New research released last week by realty marketing site Zillow found that one of every seven listings (14 percent) across the country saw a price reduction during June, the latest month covered by the study data. The rate of reductions was higher than it’s been in some markets for years. In Seattle, which has been scorching hot — with multiple offers and double-digit appreciation routine — 12 percent of listings got a price reduction in June, the highest rate since 2014. The median cut was 3.1 percent.
Some of the largest cities and their suburbs are also seeing growing numbers of price adjustments:
- Nearly one of every five listings in Chicago saw a price cut averaging 2.7 percent in the survey.
- In the Washington, D.C., metro area, 15.4 percent of all listings had price reductions that averaged 2.5 percent.
- In Miami-Fort Lauderdale, the average decrease was 2.9 percent; metropolitan New York, 3.6 percent; Boston, 3 percent; San Francisco, 4.2 percent; San Diego, 2.3 percent; Charlotte, North Carolina, 2.4 percent; and Columbus, Ohio, 2.7 percent.
In San Diego, one of every five listings got pared back in June, a significantly higher rate than had occurred the year before, when one of every eight listings (12 percent) was reduced in price.
Of special note here: Reductions are occurring most frequently at the upper end of the price spectrum, where the average share of listings with cuts jumped to 16.2 percent. Lower-priced homes actually have seen a small decrease in the percentage of listings with reductions. Overall, according to Zillow, home-price appreciation is slowing in nearly half of the country’s 35 largest metropolitan markets.
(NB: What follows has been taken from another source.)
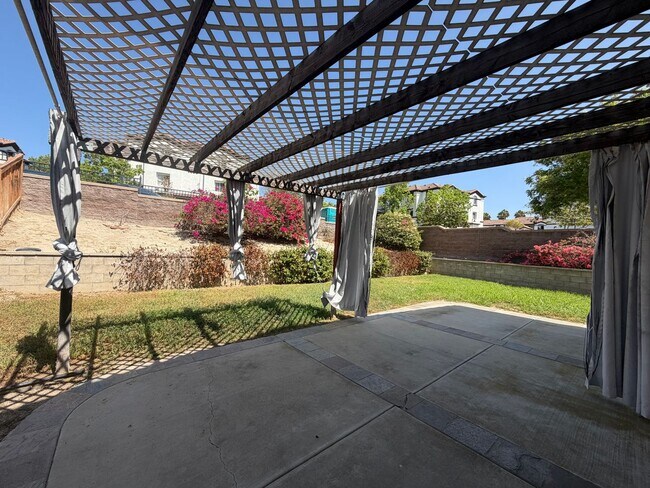 Building Photo - 1683 Falcon Peak St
Zillow’s study dovetailed with new research by realty brokerage Redfin, which found slowdowns and price softness in the upper-end, luxury segments — the top 5 percent most expensive homes — of some cities and suburbs. In Boston, luxury sales prices slumped by 16.7 percent year-over-year in the second quarter, compared with a 9.7 percent average increase in the non-luxury segment. Overall, however, luxury home prices increased nationwide by about 5.2 percent, down from 7.3 percent the previous quarter.
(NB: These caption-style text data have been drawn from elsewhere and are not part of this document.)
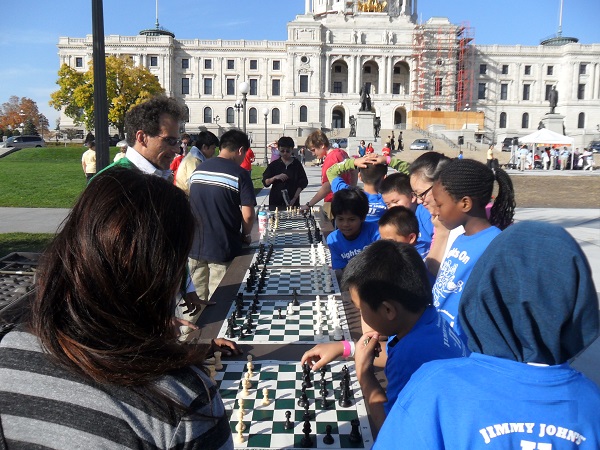 Нажмите на изображение для увеличения.

Название:	шахматы 2.jpg
Просмотров:	1
Размер:	217.9 Кб
ID:	10155843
What’s going on? Multiple factors are at work. The recovery from the recession and housing bust has been underway since at least 2012. But every major up-cycle in home prices eventually runs out of fuel because buyers’ incomes can’t keep pace with price increases. Once buyers begin balking, sales start to soften — note that June saw existing home sales nationwide on the decline for the third straight month — and inventories of available properties slowly begin to accumulate. Inventories of listings at the entry-level price range generally remain low and continue to sell fast, sometimes with multiple offers. But upper-bracket listings tend to be relatively more available and sell more slowly. Sometimes it takes six to 12 months to sell them, according to Lawrence Yun, chief economist of the National Association of Realtors.
Jonathan Miller — a nationally known appraiser active in metropolitan New York, Philadelphia, Miami and Los Angeles — told me the pattern he sees almost everywhere is “soft at the top” tier of the price spectrum and “tighter as you move lower in price.” He advises potential buyers to keep a close eye on local sales statistics, because declining sales point to more price reductions in the future.
Here’s what could be another emerging trend, which turned up in the Redfin luxury sales study: Small but noticeable numbers of homeowners who live in high-cost, high-tax states such as New York and California appear to be fleeing to lower-tax markets. Some communities in Florida, Nevada and Washington are seeing unusually large price jumps in sales of upper bracket homes. Buyers aren’t reticent about their reasons either: Congress’ $10,000 cap on deductions of state and local property and incomes taxes. You might think local taxes are no big deal for well-off owners, but consider this: One house listed for $12 million in Massachusetts came with a $101,346 local real-estate tax bill.